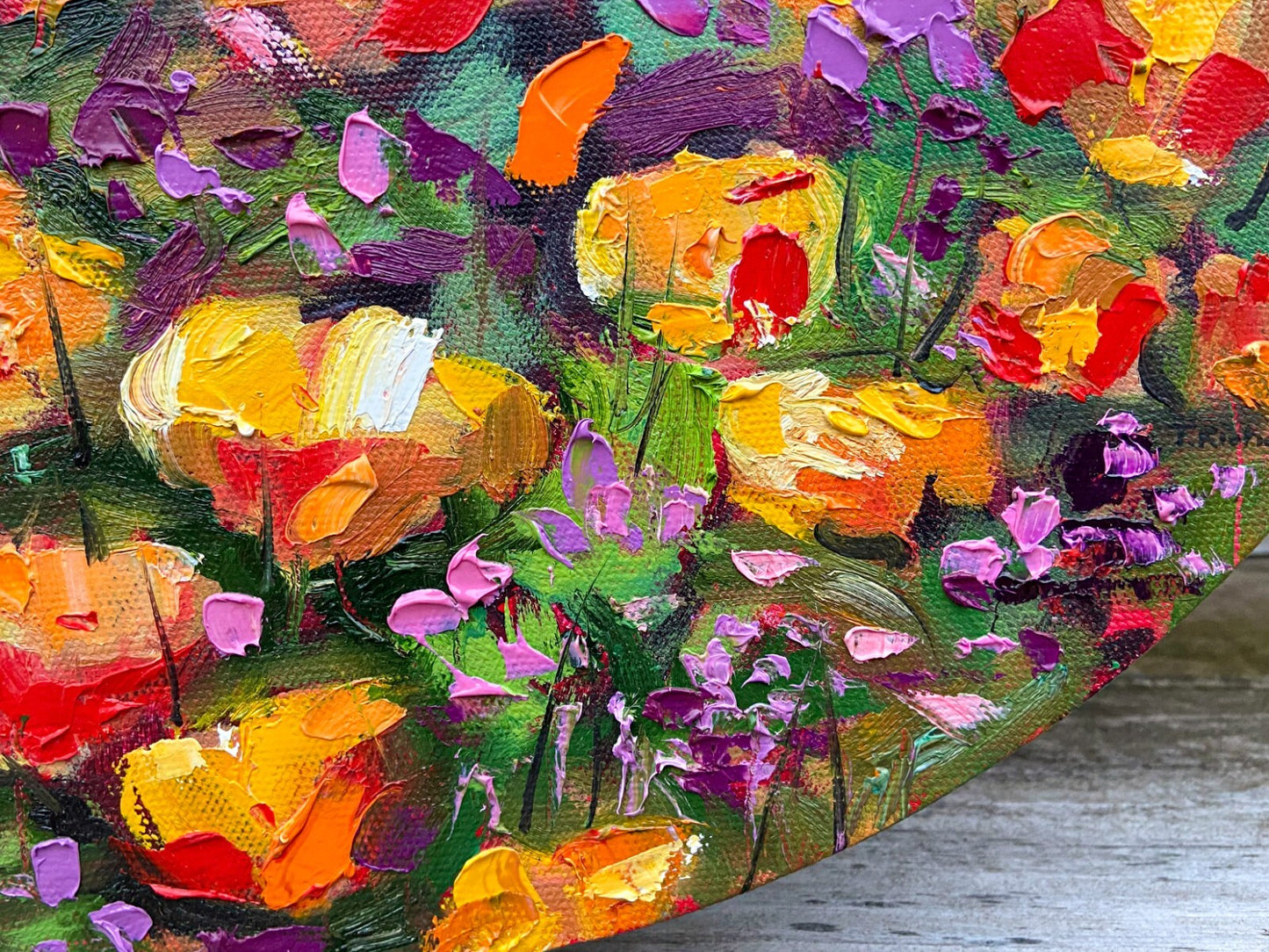 Oil painting ORIGINAL art California poppy field landscape wall art  16x16"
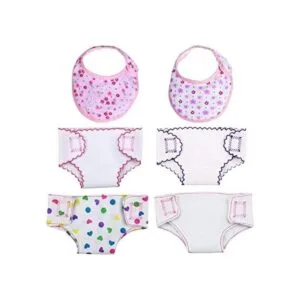 DCBEAUTIFUL 4 pañales para muñecas y 2 baberos para_1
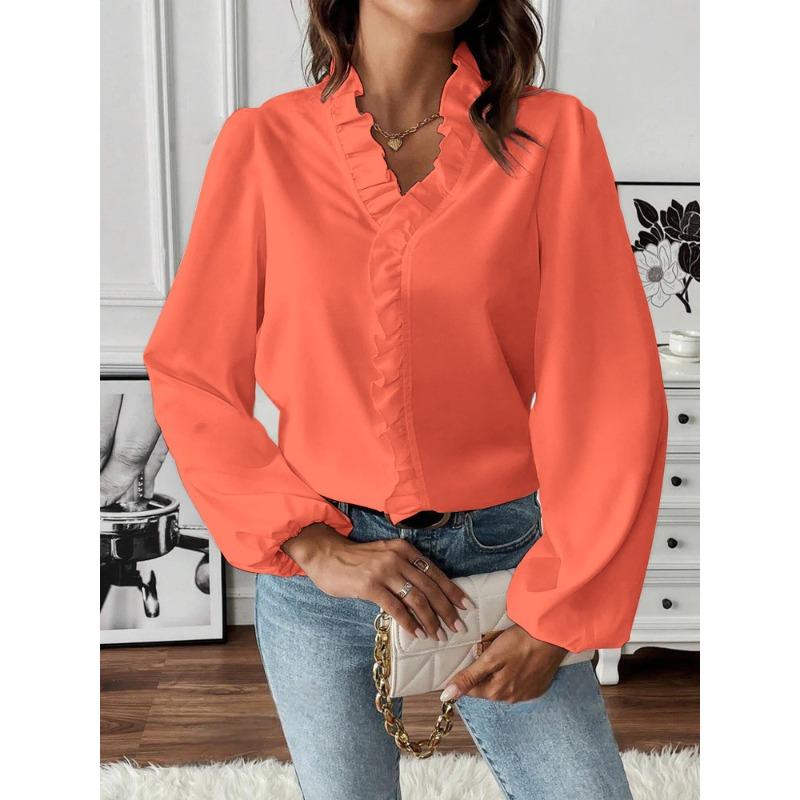 IHUASU Women's Fashion Casual Autumn Winter Long Sleeve V-Neck Blouses & Shirts Elegant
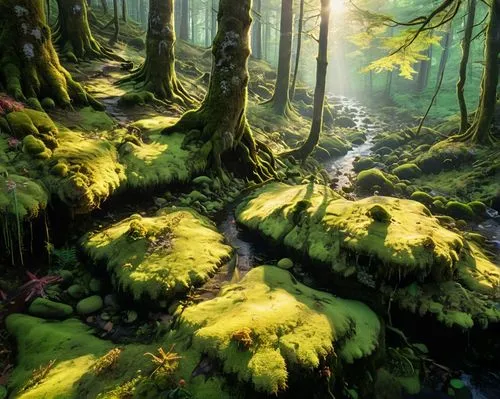 forest moss,forest floor,elven forest,coniferous forest,old-growth forest,green forest,forest glade,spruce forest,swampy landscape,fairy forest,forest landscape,fir forest,deciduous forest,moss,temperate coniferous forest,tree moss,forests,mushroom landscape,fairytale forest,northwest forest,Unique,Design,Sticker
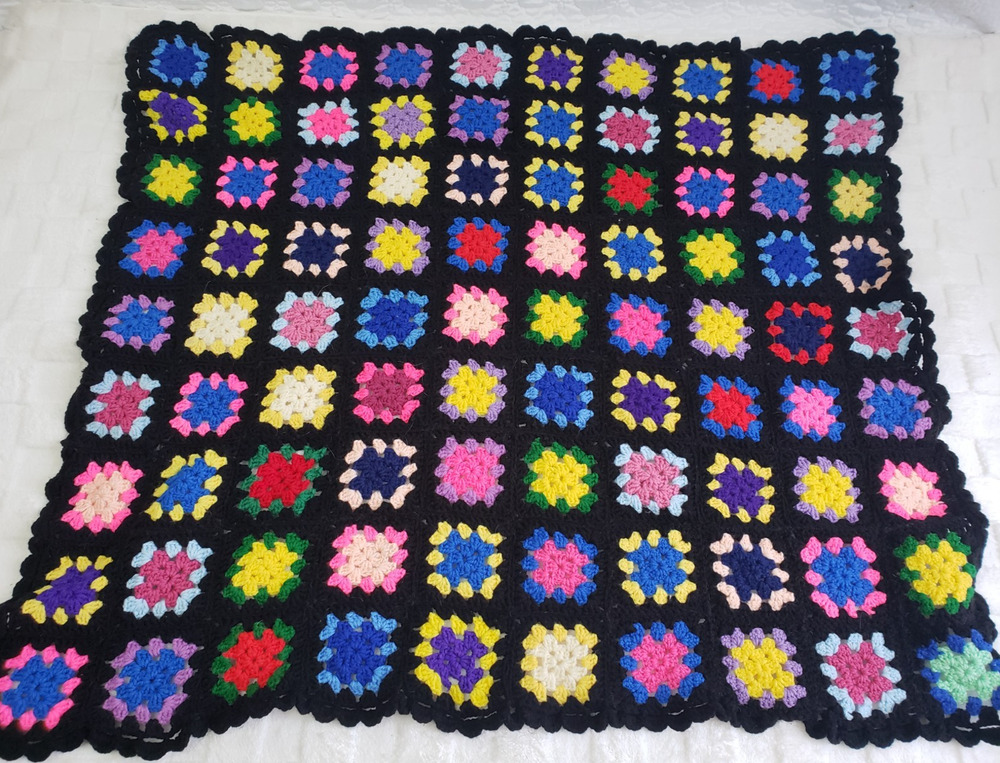Vintage Granny Square Afghan Hand Crochet Throw Blanket Multicolor 44"x38"
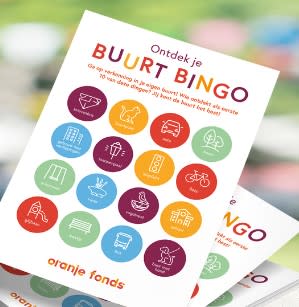 Gratis Buurt Bingo kaarten bij het Oranje Fonds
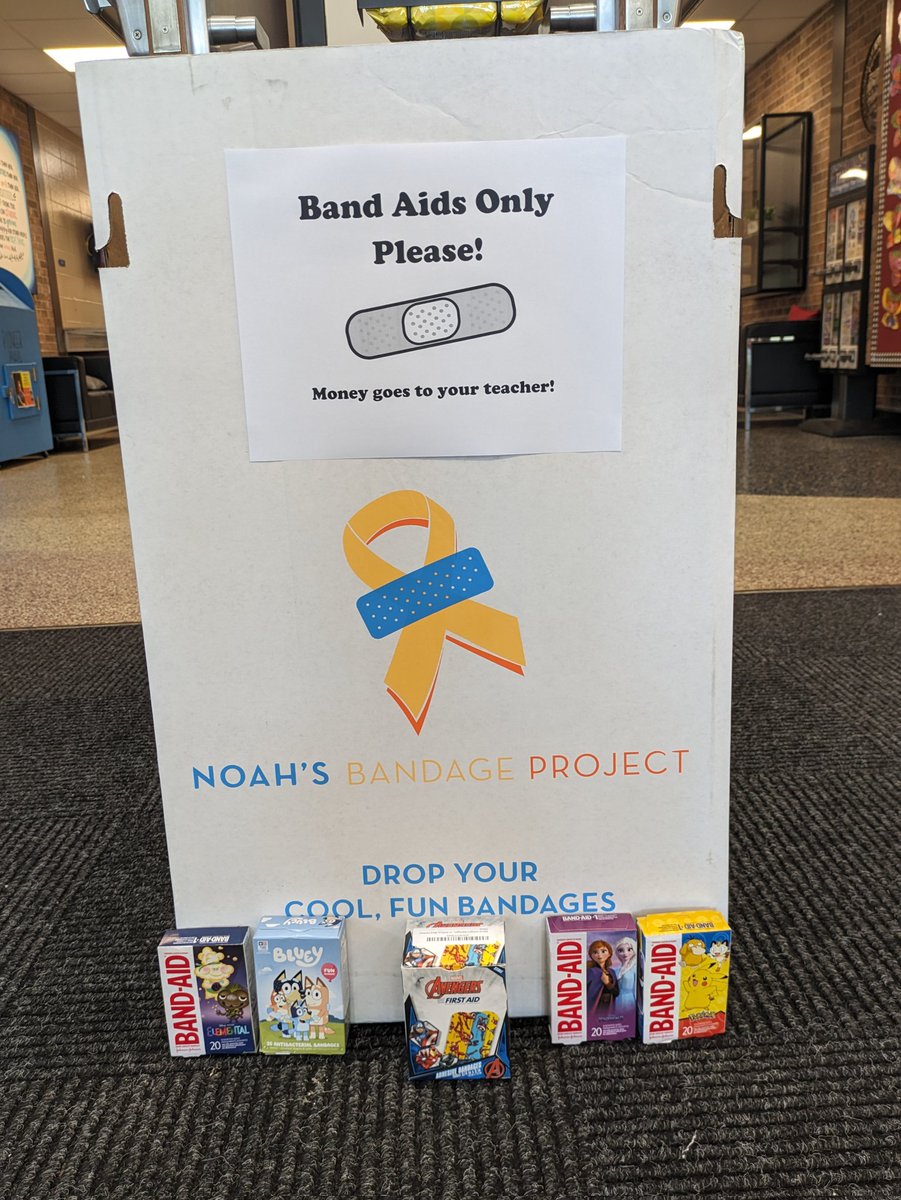 Keep bringing those bandages in this week for Noah's Bandage  Project Drive! This box is located right inside the main entrance...so students can drop them off when they come in from arrival!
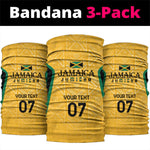 Afro-Jamaica Custom Neck Gaiter Golden Ethnic Motifs LT7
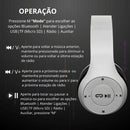 Fone De Ouvido Headphone Sem Fio Wireless Bluetooth Dobrável Com Microfone Regulável Isolamento de Ruído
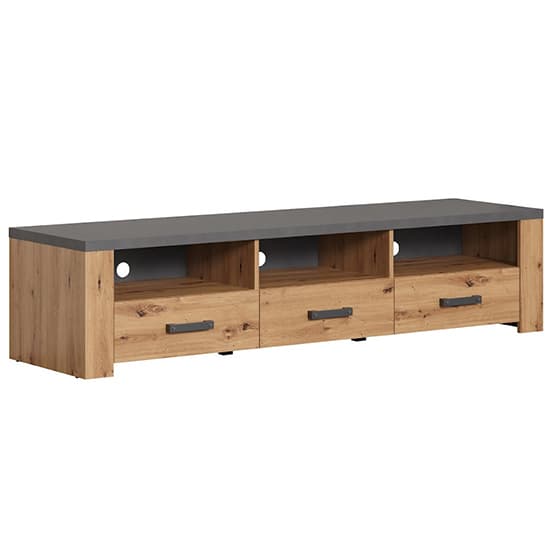 Fero TV Stand With 3 Drawers In Artisan Oak And Matera With LED_6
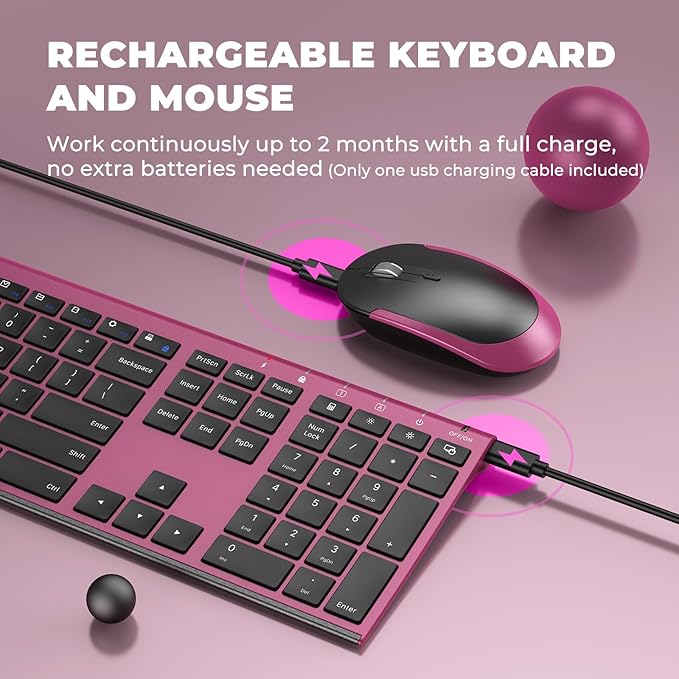 Wireless Keyboard and Mouse, Vssoplor 2.4GHz Rechargeable Compact Quiet - Image 4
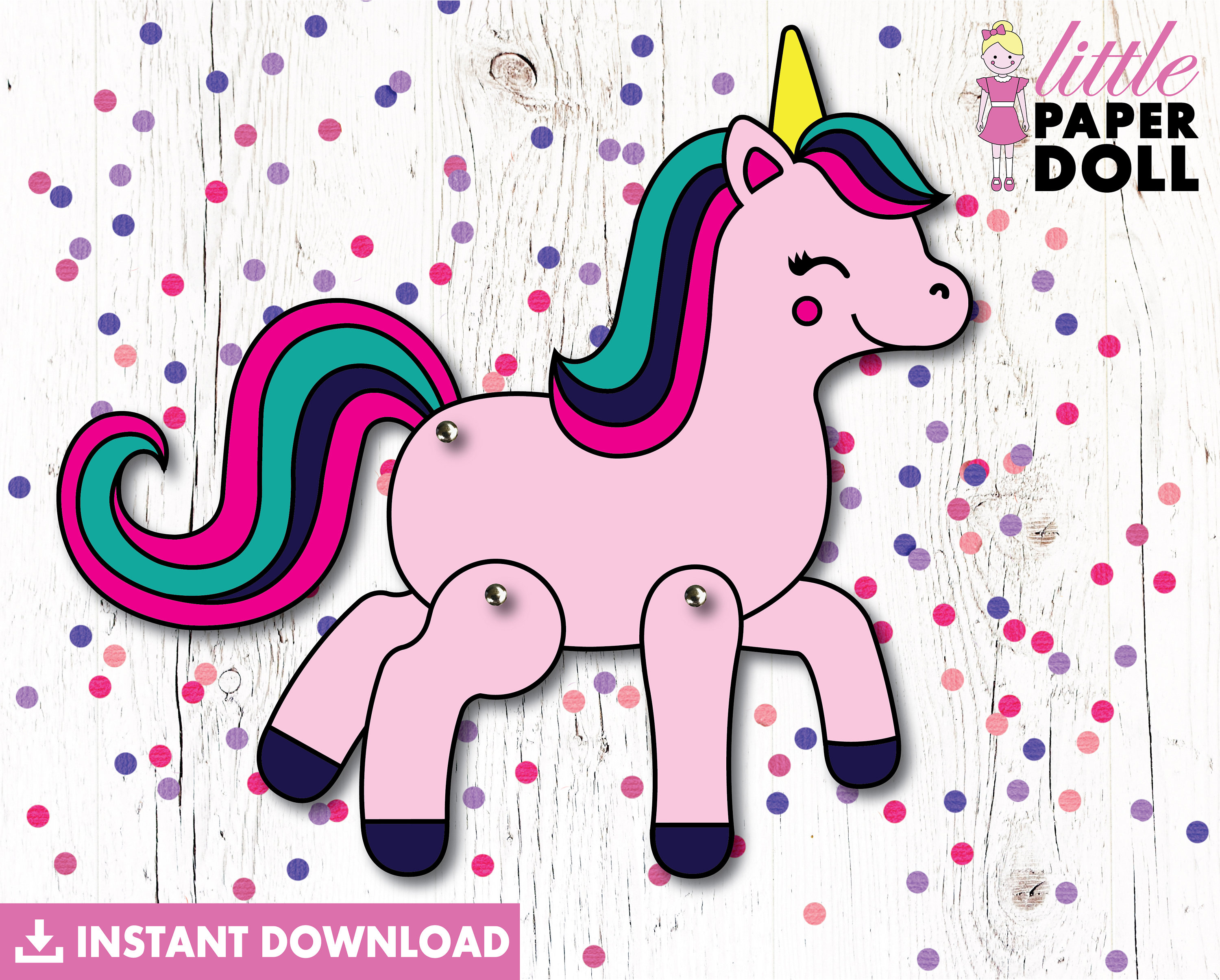 Unicorn Paper Doll INSTANT DOWNLOAD Printable Unicorn Etsy Canada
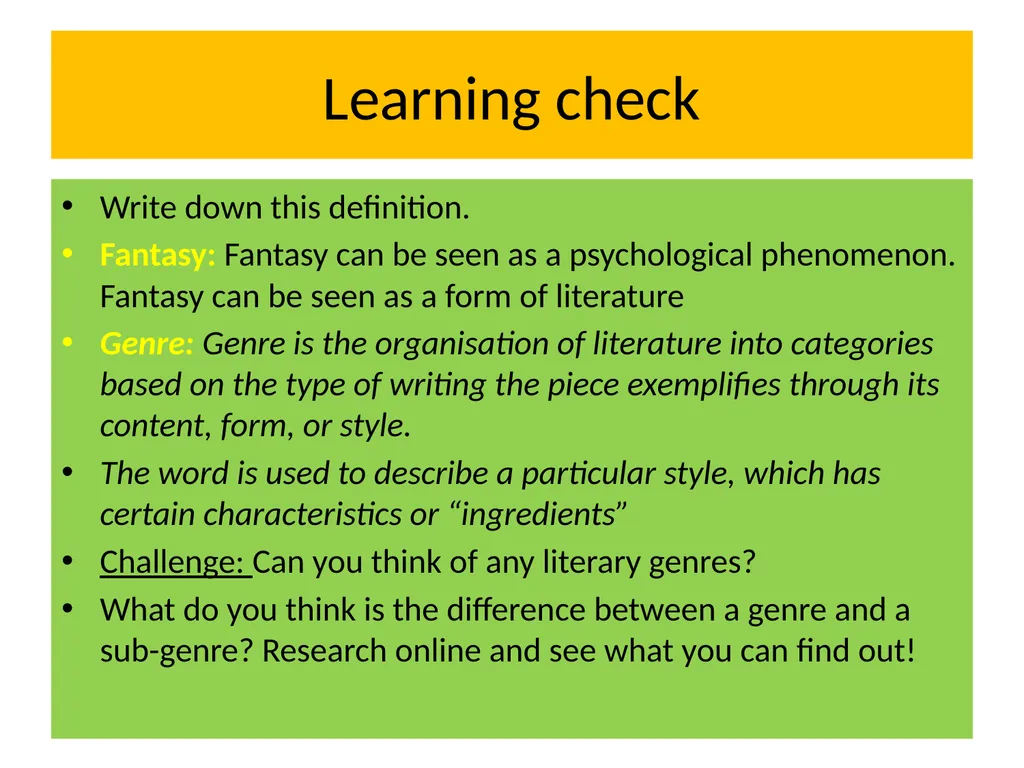 Learning Aim: Creating a fantasy world using the - slide 5 of 17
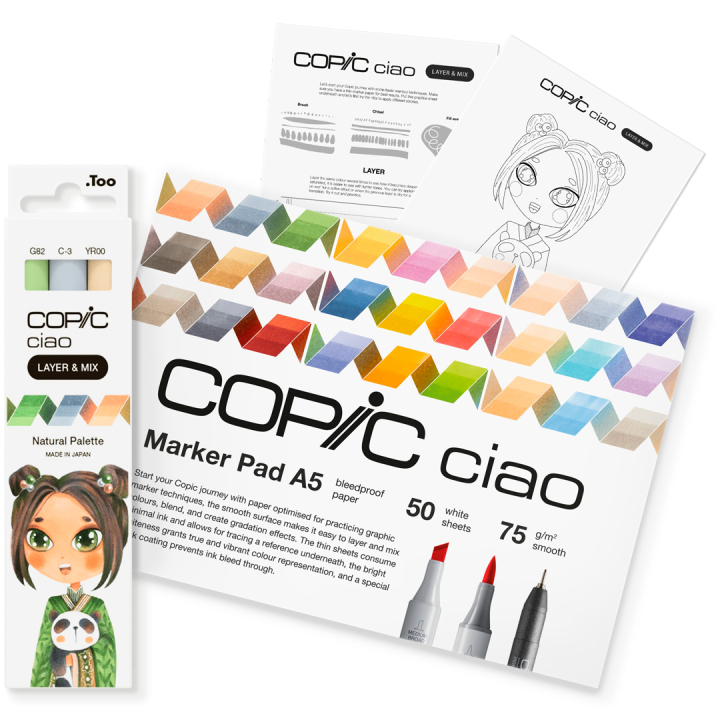 Ciao Layer & Mix Manga Starter Set Natural ryhmässä Kynät / Taiteilijakynät / Maalitussit @ Pen Store (135140)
■ ■ ■ ■
▶ Instructions for the task:
Please, without any pictures, print each entry exactly.

▶ Response area:
 Oil painting ORIGINAL art California poppy field landscape wall art  16x16"
 DCBEAUTIFUL 4 pañales para muñecas y 2 baberos para_1
 IHUASU Women's Fashion Casual Autumn Winter Long Sleeve V-Neck Blouses & Shirts Elegant
 forest moss,forest floor,elven forest,coniferous forest,old-growth forest,green forest,forest glade,spruce forest,swampy landscape,fairy forest,forest landscape,fir forest,deciduous forest,moss,temperate coniferous forest,tree moss,forests,mushroom landscape,fairytale forest,northwest forest,Unique,Design,Sticker
Vintage Granny Square Afghan Hand Crochet Throw Blanket Multicolor 44"x38"
 Gratis Buurt Bingo kaarten bij het Oranje Fonds
 Keep bringing those bandages in this week for Noah's Bandage  Project Drive! This box is located right inside the main entrance...so students can drop them off when they come in from arrival!
 Afro-Jamaica Custom Neck Gaiter Golden Ethnic Motifs LT7
 Fone De Ouvido Headphone Sem Fio Wireless Bluetooth Dobrável Com Microfone Regulável Isolamento de Ruído
 Fero TV Stand With 3 Drawers In Artisan Oak And Matera With LED_6
 Wireless Keyboard and Mouse, Vssoplor 2.4GHz Rechargeable Compact Quiet - Image 4
 Unicorn Paper Doll INSTANT DOWNLOAD Printable Unicorn Etsy Canada
 Learning Aim: Creating a fantasy world using the - slide 5 of 17
 Ciao Layer & Mix Manga Starter Set Natural ryhmässä Kynät / Taiteilijakynät / Maalitussit @ Pen Store (135140)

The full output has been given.